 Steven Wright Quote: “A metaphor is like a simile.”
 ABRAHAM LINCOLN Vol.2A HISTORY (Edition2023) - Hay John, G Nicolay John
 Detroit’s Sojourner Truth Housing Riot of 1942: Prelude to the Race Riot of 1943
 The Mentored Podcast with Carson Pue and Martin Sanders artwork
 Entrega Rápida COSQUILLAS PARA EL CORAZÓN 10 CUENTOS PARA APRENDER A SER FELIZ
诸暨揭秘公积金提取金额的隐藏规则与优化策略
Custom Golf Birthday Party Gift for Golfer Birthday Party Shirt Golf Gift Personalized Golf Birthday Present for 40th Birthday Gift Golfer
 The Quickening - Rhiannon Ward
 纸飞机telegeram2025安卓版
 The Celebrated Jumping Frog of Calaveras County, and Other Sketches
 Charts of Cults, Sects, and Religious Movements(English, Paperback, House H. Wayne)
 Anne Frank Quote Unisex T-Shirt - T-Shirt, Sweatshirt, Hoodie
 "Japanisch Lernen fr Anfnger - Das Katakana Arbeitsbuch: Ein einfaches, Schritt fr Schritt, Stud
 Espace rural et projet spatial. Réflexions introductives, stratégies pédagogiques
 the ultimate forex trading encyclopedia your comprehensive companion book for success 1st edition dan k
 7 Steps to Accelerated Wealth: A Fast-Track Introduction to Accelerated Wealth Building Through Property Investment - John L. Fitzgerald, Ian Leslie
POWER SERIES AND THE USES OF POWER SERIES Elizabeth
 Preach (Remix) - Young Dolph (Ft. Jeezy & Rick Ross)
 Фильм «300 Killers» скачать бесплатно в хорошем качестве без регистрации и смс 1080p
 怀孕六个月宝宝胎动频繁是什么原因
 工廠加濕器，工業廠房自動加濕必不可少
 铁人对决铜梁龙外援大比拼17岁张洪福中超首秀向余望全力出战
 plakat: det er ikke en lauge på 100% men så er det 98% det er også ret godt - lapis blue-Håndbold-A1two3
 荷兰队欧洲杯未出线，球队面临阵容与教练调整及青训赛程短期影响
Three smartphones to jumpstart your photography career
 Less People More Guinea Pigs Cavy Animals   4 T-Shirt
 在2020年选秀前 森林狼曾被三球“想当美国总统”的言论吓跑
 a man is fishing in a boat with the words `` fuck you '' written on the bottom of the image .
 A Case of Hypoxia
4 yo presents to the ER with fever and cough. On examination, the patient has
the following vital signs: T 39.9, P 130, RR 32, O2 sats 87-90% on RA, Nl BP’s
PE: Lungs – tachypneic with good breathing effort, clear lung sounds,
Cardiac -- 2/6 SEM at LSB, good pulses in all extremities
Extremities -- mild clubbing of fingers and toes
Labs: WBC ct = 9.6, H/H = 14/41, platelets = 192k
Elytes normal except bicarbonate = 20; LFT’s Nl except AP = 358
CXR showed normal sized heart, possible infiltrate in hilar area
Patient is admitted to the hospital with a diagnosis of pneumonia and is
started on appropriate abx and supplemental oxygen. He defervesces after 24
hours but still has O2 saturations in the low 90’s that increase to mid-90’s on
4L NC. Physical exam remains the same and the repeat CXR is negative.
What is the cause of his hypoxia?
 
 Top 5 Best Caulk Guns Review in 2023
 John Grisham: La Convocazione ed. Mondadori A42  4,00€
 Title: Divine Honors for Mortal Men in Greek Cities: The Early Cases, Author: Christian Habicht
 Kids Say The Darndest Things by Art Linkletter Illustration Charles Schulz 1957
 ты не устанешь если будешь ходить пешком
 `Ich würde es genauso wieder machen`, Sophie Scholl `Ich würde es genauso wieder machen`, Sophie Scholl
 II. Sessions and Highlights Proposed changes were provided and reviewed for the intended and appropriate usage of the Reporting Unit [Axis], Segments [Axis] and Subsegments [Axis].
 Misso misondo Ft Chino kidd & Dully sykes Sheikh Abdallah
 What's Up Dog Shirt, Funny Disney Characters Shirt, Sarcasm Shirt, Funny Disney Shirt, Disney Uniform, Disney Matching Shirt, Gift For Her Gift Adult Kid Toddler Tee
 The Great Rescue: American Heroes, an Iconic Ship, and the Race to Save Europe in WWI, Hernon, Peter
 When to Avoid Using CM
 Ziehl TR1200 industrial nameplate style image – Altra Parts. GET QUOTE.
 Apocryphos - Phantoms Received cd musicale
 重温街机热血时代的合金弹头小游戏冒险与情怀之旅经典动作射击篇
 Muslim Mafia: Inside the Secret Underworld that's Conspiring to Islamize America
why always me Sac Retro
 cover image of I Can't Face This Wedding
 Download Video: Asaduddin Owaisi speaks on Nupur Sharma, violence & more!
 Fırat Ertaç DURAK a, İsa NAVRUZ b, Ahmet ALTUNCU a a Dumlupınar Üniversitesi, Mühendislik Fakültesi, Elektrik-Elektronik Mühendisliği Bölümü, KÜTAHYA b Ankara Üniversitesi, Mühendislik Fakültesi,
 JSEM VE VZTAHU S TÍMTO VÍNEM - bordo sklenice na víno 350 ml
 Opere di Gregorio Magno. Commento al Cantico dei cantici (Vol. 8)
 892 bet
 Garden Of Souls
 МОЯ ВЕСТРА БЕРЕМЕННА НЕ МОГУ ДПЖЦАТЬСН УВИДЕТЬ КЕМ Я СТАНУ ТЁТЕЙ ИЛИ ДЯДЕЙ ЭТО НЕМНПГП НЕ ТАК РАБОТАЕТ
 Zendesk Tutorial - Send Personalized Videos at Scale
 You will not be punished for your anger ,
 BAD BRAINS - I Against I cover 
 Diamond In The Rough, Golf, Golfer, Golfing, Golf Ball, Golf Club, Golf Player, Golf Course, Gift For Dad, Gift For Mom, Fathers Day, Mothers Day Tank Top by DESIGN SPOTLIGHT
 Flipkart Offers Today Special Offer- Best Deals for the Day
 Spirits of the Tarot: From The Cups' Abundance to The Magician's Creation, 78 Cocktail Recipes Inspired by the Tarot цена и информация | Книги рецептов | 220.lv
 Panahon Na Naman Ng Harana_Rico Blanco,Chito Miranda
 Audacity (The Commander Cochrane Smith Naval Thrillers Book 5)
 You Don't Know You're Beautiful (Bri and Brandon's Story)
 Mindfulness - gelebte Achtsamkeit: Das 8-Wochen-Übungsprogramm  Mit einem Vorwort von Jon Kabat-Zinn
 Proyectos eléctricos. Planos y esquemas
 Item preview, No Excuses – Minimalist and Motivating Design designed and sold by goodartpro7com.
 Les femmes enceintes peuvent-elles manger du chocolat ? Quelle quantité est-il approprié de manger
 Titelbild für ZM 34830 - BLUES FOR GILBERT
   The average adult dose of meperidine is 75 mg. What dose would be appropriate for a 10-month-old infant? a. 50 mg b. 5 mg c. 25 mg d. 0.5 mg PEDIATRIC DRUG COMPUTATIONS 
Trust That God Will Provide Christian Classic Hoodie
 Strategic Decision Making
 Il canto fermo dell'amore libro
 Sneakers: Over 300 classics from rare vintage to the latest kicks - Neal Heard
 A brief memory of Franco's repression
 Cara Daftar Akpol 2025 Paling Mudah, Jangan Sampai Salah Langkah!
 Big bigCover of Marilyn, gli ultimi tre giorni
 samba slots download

··········

INSTRUCTIONS FOR THE TASK
Transcribe the entries above so that nothing in them differs from the original.

SOLVED EXERCISE
 Steven Wright Quote: “A metaphor is like a simile.”
 ABRAHAM LINCOLN Vol.2A HISTORY (Edition2023) - Hay John, G Nicolay John
 Detroit’s Sojourner Truth Housing Riot of 1942: Prelude to the Race Riot of 1943
 The Mentored Podcast with Carson Pue and Martin Sanders artwork
 Entrega Rápida COSQUILLAS PARA EL CORAZÓN 10 CUENTOS PARA APRENDER A SER FELIZ
诸暨揭秘公积金提取金额的隐藏规则与优化策略
Custom Golf Birthday Party Gift for Golfer Birthday Party Shirt Golf Gift Personalized Golf Birthday Present for 40th Birthday Gift Golfer
 The Quickening - Rhiannon Ward
 纸飞机telegeram2025安卓版
 The Celebrated Jumping Frog of Calaveras County, and Other Sketches
 Charts of Cults, Sects, and Religious Movements(English, Paperback, House H. Wayne)
 Anne Frank Quote Unisex T-Shirt - T-Shirt, Sweatshirt, Hoodie
 "Japanisch Lernen fr Anfnger - Das Katakana Arbeitsbuch: Ein einfaches, Schritt fr Schritt, Stud
 Espace rural et projet spatial. Réflexions introductives, stratégies pédagogiques
 the ultimate forex trading encyclopedia your comprehensive companion book for success 1st edition dan k
 7 Steps to Accelerated Wealth: A Fast-Track Introduction to Accelerated Wealth Building Through Property Investment - John L. Fitzgerald, Ian Leslie
POWER SERIES AND THE USES OF POWER SERIES Elizabeth
 Preach (Remix) - Young Dolph (Ft. Jeezy & Rick Ross)
 Фильм «300 Killers» скачать бесплатно в хорошем качестве без регистрации и смс 1080p
 怀孕六个月宝宝胎动频繁是什么原因
 工廠加濕器，工業廠房自動加濕必不可少
 铁人对决铜梁龙外援大比拼17岁张洪福中超首秀向余望全力出战
 plakat: det er ikke en lauge på 100% men så er det 98% det er også ret godt - lapis blue-Håndbold-A1two3
 荷兰队欧洲杯未出线，球队面临阵容与教练调整及青训赛程短期影响
Three smartphones to jumpstart your photography career
 Less People More Guinea Pigs Cavy Animals   4 T-Shirt
 在2020年选秀前 森林狼曾被三球“想当美国总统”的言论吓跑
 a man is fishing in a boat with the words `` fuck you '' written on the bottom of the image .
 A Case of Hypoxia
4 yo presents to the ER with fever and cough. On examination, the patient has
the following vital signs: T 39.9, P 130, RR 32, O2 sats 87-90% on RA, Nl BP’s
PE: Lungs – tachypneic with good breathing effort, clear lung sounds,
Cardiac -- 2/6 SEM at LSB, good pulses in all extremities
Extremities -- mild clubbing of fingers and toes
Labs: WBC ct = 9.6, H/H = 14/41, platelets = 192k
Elytes normal except bicarbonate = 20; LFT’s Nl except AP = 358
CXR showed normal sized heart, possible infiltrate in hilar area
Patient is admitted to the hospital with a diagnosis of pneumonia and is
started on appropriate abx and supplemental oxygen. He defervesces after 24
hours but still has O2 saturations in the low 90’s that increase to mid-90’s on
4L NC. Physical exam remains the same and the repeat CXR is negative.
What is the cause of his hypoxia?
 
 Top 5 Best Caulk Guns Review in 2023
 John Grisham: La Convocazione ed. Mondadori A42  4,00€
 Title: Divine Honors for Mortal Men in Greek Cities: The Early Cases, Author: Christian Habicht
 Kids Say The Darndest Things by Art Linkletter Illustration Charles Schulz 1957
 ты не устанешь если будешь ходить пешком
 `Ich würde es genauso wieder machen`, Sophie Scholl `Ich würde es genauso wieder machen`, Sophie Scholl
 II. Sessions and Highlights Proposed changes were provided and reviewed for the intended and appropriate usage of the Reporting Unit [Axis], Segments [Axis] and Subsegments [Axis].
 Misso misondo Ft Chino kidd & Dully sykes Sheikh Abdallah
 What's Up Dog Shirt, Funny Disney Characters Shirt, Sarcasm Shirt, Funny Disney Shirt, Disney Uniform, Disney Matching Shirt, Gift For Her Gift Adult Kid Toddler Tee
 The Great Rescue: American Heroes, an Iconic Ship, and the Race to Save Europe in WWI, Hernon, Peter
 When to Avoid Using CM
 Ziehl TR1200 industrial nameplate style image – Altra Parts. GET QUOTE.
 Apocryphos - Phantoms Received cd musicale
 重温街机热血时代的合金弹头小游戏冒险与情怀之旅经典动作射击篇
 Muslim Mafia: Inside the Secret Underworld that's Conspiring to Islamize America
why always me Sac Retro
 cover image of I Can't Face This Wedding
 Download Video: Asaduddin Owaisi speaks on Nupur Sharma, violence & more!
 Fırat Ertaç DURAK a, İsa NAVRUZ b, Ahmet ALTUNCU a a Dumlupınar Üniversitesi, Mühendislik Fakültesi, Elektrik-Elektronik Mühendisliği Bölümü, KÜTAHYA b Ankara Üniversitesi, Mühendislik Fakültesi,
 JSEM VE VZTAHU S TÍMTO VÍNEM - bordo sklenice na víno 350 ml
 Opere di Gregorio Magno. Commento al Cantico dei cantici (Vol. 8)
 892 bet
 Garden Of Souls
 МОЯ ВЕСТРА БЕРЕМЕННА НЕ МОГУ ДПЖЦАТЬСН УВИДЕТЬ КЕМ Я СТАНУ ТЁТЕЙ ИЛИ ДЯДЕЙ ЭТО НЕМНПГП НЕ ТАК РАБОТАЕТ
 Zendesk Tutorial - Send Personalized Videos at Scale
 You will not be punished for your anger ,
 BAD BRAINS - I Against I cover 
 Diamond In The Rough, Golf, Golfer, Golfing, Golf Ball, Golf Club, Golf Player, Golf Course, Gift For Dad, Gift For Mom, Fathers Day, Mothers Day Tank Top by DESIGN SPOTLIGHT
 Flipkart Offers Today Special Offer- Best Deals for the Day
 Spirits of the Tarot: From The Cups' Abundance to The Magician's Creation, 78 Cocktail Recipes Inspired by the Tarot цена и информация | Книги рецептов | 220.lv
 Panahon Na Naman Ng Harana_Rico Blanco,Chito Miranda
 Audacity (The Commander Cochrane Smith Naval Thrillers Book 5)
 You Don't Know You're Beautiful (Bri and Brandon's Story)
 Mindfulness - gelebte Achtsamkeit: Das 8-Wochen-Übungsprogramm  Mit einem Vorwort von Jon Kabat-Zinn
 Proyectos eléctricos. Planos y esquemas
 Item preview, No Excuses – Minimalist and Motivating Design designed and sold by goodartpro7com.
 Les femmes enceintes peuvent-elles manger du chocolat ? Quelle quantité est-il approprié de manger
 Titelbild für ZM 34830 - BLUES FOR GILBERT
   The average adult dose of meperidine is 75 mg. What dose would be appropriate for a 10-month-old infant? a. 50 mg b. 5 mg c. 25 mg d. 0.5 mg PEDIATRIC DRUG COMPUTATIONS 
Trust That God Will Provide Christian Classic Hoodie
 Strategic Decision Making
 Il canto fermo dell'amore libro
 Sneakers: Over 300 classics from rare vintage to the latest kicks - Neal Heard
 A brief memory of Franco's repression
 Cara Daftar Akpol 2025 Paling Mudah, Jangan Sampai Salah Langkah!
 Big bigCover of Marilyn, gli ultimi tre giorni
 samba slots download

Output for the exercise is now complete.